The following users thanked this post: DiTBho

Offline SiliconWizard

  • Super Contributor
  • ***
  • Posts: 7301
  • Country: fr
Re: how do you compare two folders? to extract source diff
« Reply #5 on: July 11, 2021, 06:25:35 pm »
Ah yes, if there are renamed files and directories, all the worse.
A decent VCS can handle renamed stuff and keep track of what has been renamed to what.

Now working on such a large code base as the Linux kernel without any VCS is complete madness.
 
The following users thanked this post: DiTBho

Offline DiTBho

  • Frequent Contributor
  • **
  • Posts: 962
  • Country: gb
Re: how do you compare two folders? to extract source diff
« Reply #6 on: July 11, 2021, 06:30:36 pm »
But since you know these kernels came from git

No, they do come neither from git nor from svn, that's exactly the problem.
There is no history, just files and folders, and I have to somehow reconstruct the history.


There is also a big problem: I should need something like "bisect" (which is a common tool with Git, at least for Linux), because there are things that work with kernel-A but not with kernel-B, and vice-versa.

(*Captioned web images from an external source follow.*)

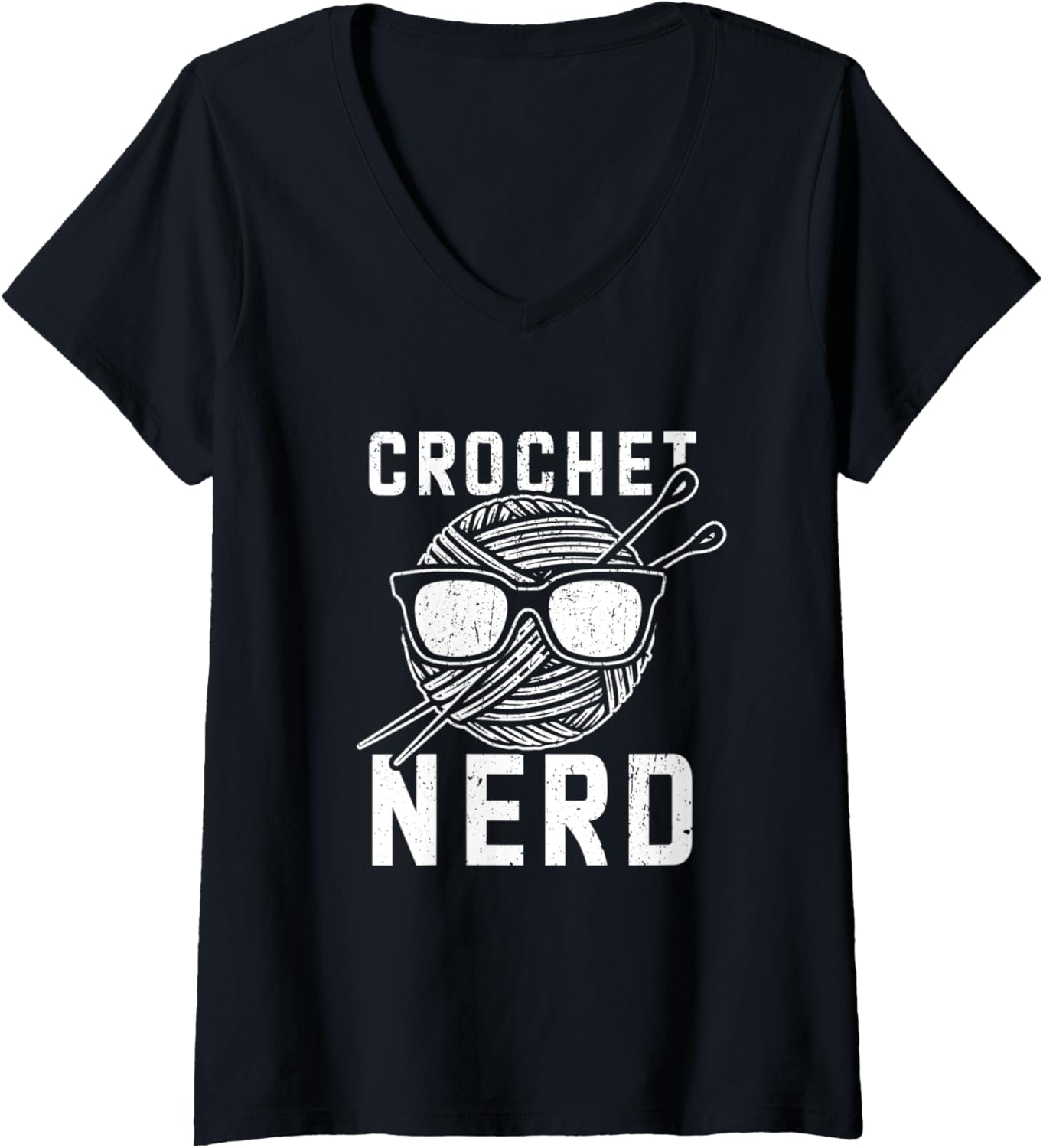 Womens Crochet Nerd Funny Crocheting Yarn Stitches Lover V-Neck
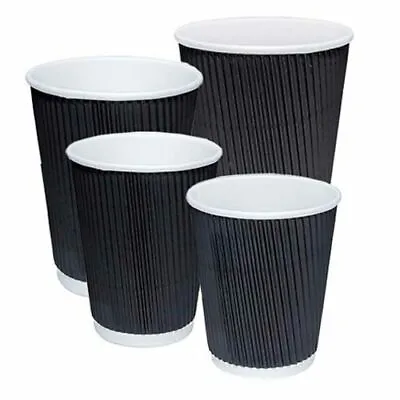 8/12/16oz BLACK STRONG RIPPLE DISPOSABLE PAPER COFFEE CUPS FOR HOT DRINKS & LIDS • £7.99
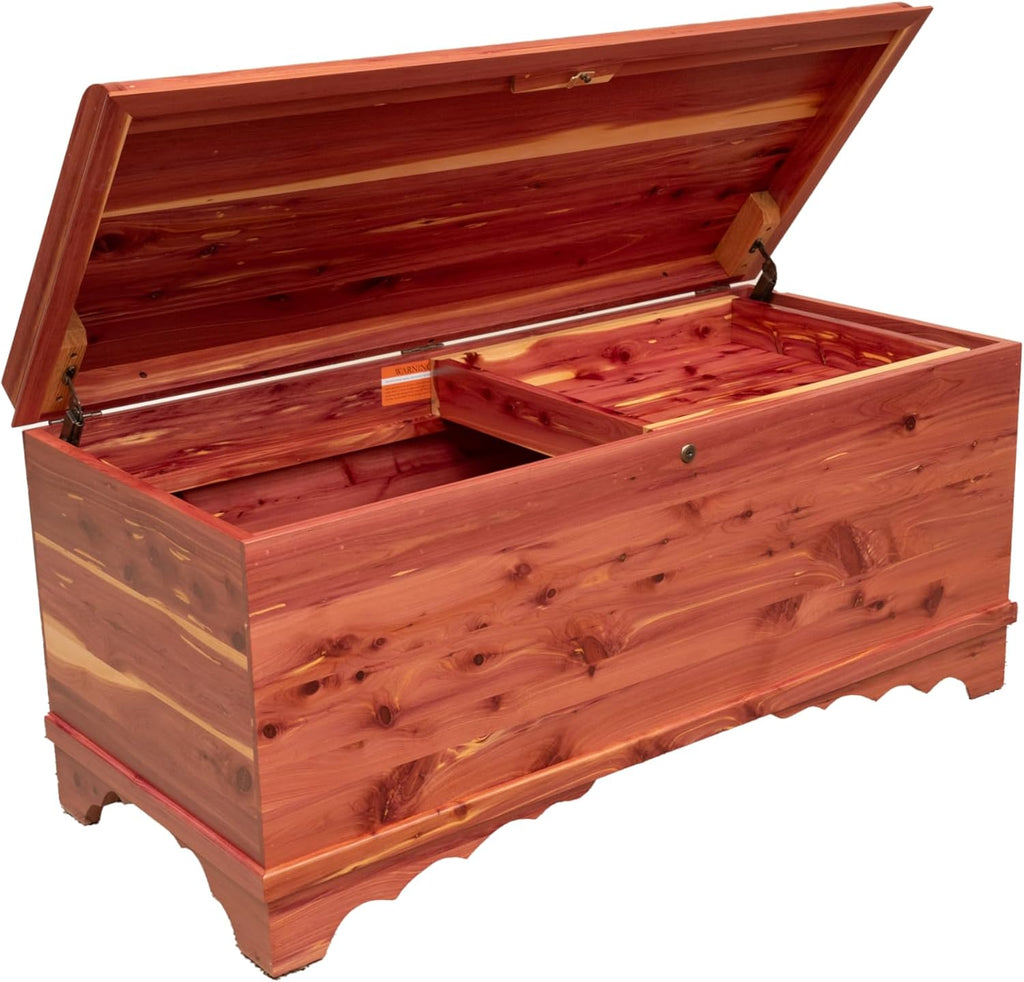 Rustic Red Door Co. Cedar Hope Chest with Waterfall Top and Tray, Amish Made Wooden Storage Trunk Box for Bedroom, Blanket, Clothes, Anti-Slam Hinges and Lock, Cedar Wood, Natural Stain, 36" Long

Frankly, it's a full mess ... it seems like a punishment, I must have done something bad in my life to deserve it  :-//
 

Offline evb149

  • Super Contributor
  • ***
  • Posts: 1923
  • Country: us
Re: how do you compare two folders? to extract source diff
« Reply #7 on: July 11, 2021, 06:41:32 pm »
Well I meant "came from git" in a loose sense.

If you know you have a kernel source tree corresponding originally / in general version ancestry to some locally customized variant of 3.14.2 then at least you can grab the kernel source tree from linux git and check out 3.14.2 kernel source revision and then at least it should have a good general agreement of file / directory structure vs. whatever modifications were done locally to in not with GIT feature development tracking committed "yet".

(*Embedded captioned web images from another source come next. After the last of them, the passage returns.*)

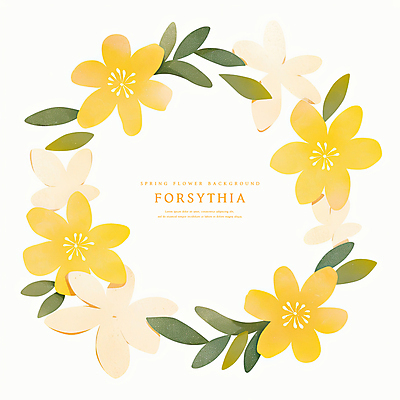 PSD 잎 일러스트 수채화 사람없음 노란색 봄 개나리 원형프레임 카피스페이스 국내일러스트 식물 계절 꽃 컬러 프레임 공백 원형 파일형식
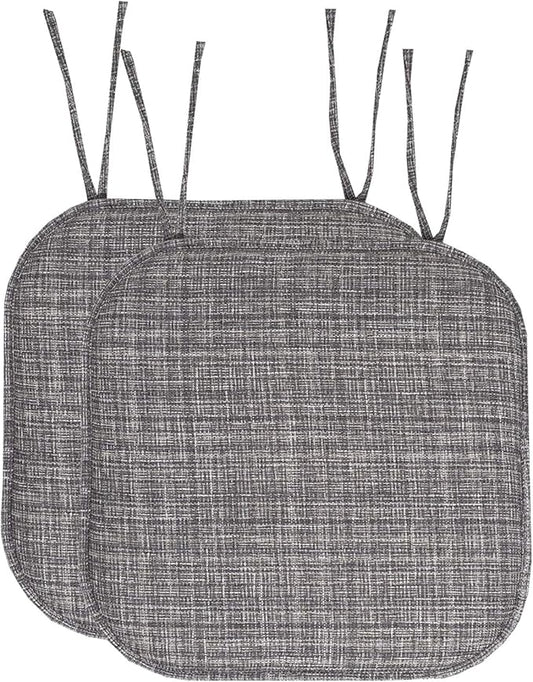 Sweet Home Collection Chair Cushion Memory Foam Pads with Ties Honeycomb Pattern Slip Non Skid Rubber Back Rounded Square 16" x 16" Seat Cover, 2 Pack, Aria Multi Gray 6 pack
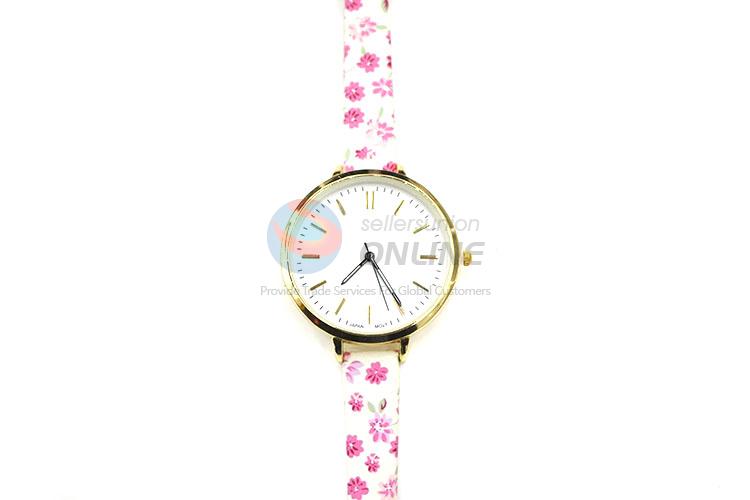 Pink Flower Printed Wrist Watch with Leathern Watchband Watchband for Sale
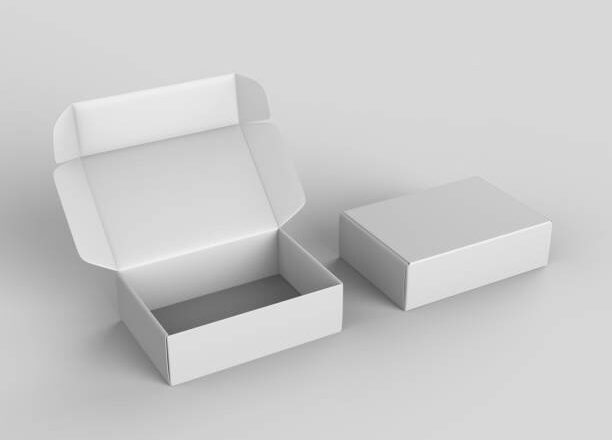 White blank hard cardboard gift or mailer box mock up template.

If you have a 3.14.2 based kernel but there are a LOT of directory moves / renames / merges and such then yes that is a total mess and you'd almost have to write a program to try to estimate where a given file may have "originally come from" if it is say 72% similar to some other file in the stock linux 3.14.2 git tree and maybe do something based on that.

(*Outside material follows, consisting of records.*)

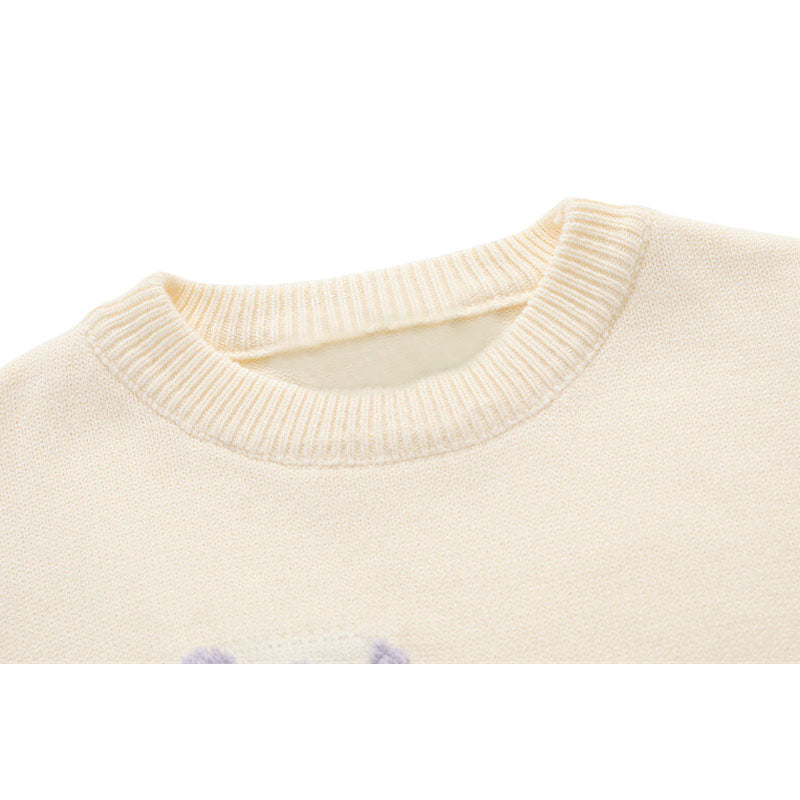 Flower Pattern Embroidered Pullover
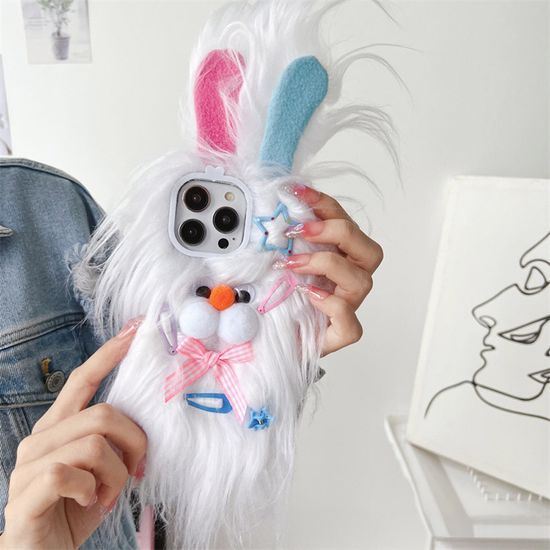 아이폰 17 16 15 14 13 토끼 털 인형 꾸미기 케이스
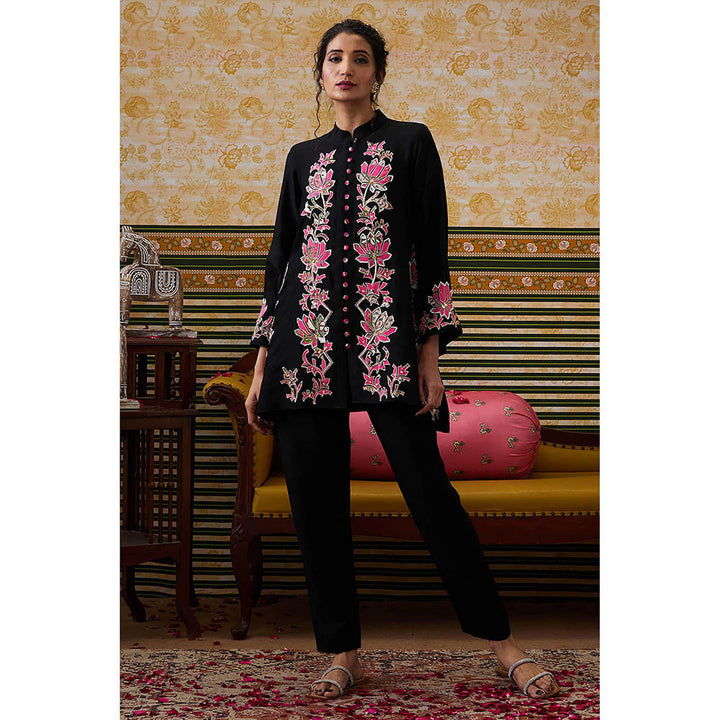 Soup by Sougat Paul Mehr Black Floral Kurta with Pant (Set of 2)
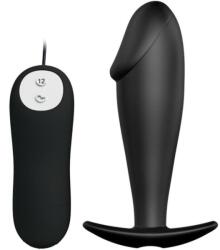 Pretty Love - Szilikon Anális Plug - Pénisz Formájú, 12 Vibrációs Móddal, FeketeFedezd fel az érzéki élményeket ezzel a prémium minőségű, pénisz formájú szilikon anális pluggal, amely 12 különböző vibrációs módda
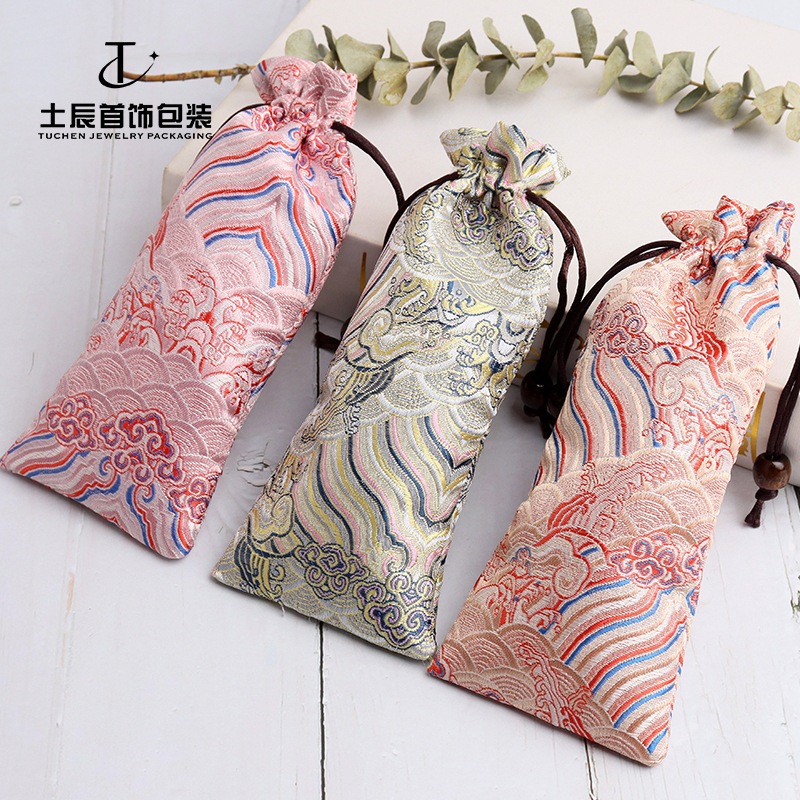 束口抽拉绳首饰包装袋礼品袋锦缎海浪纹梳子袋文玩袋布袋子木珠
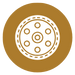 A brown circular icon featuring a stylized wheel bearing icon. The design is simple and minimalistic.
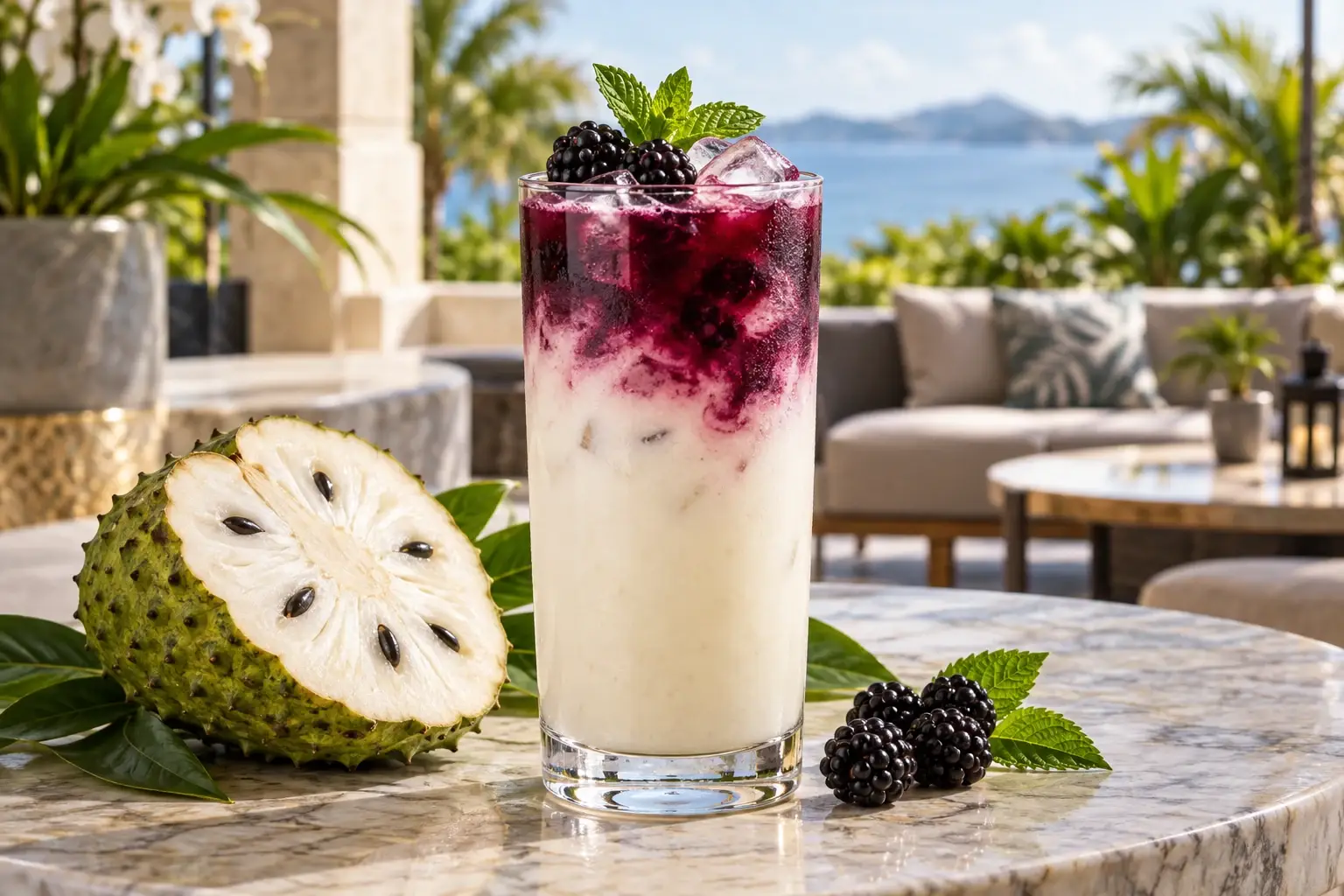 Mocktail de guanabana con zarzamora y pulpa Pulpamia para hoteles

I'm not sure how you could end up with a local kernel copy and not even know what version kernel it is based on even if someone didn't maintain the .git metadata / repo structures corresponding to it.  So maybe "reconnecting" the changes to the closest available git ancestor and then treating that as two diverged feature branches is the best bet.


But since you know these kernels came from git

No, they do come neither from git nor from svn, that's exactly the problem.
There is no history, just files and folders, and I have to somehow reconstruct the history.


There is also a big problem: I should need something like "bisect" (which is a common tool with Git, at least for Linux), because there are things that work with kernel-A but not with kernel-B, and vice-versa.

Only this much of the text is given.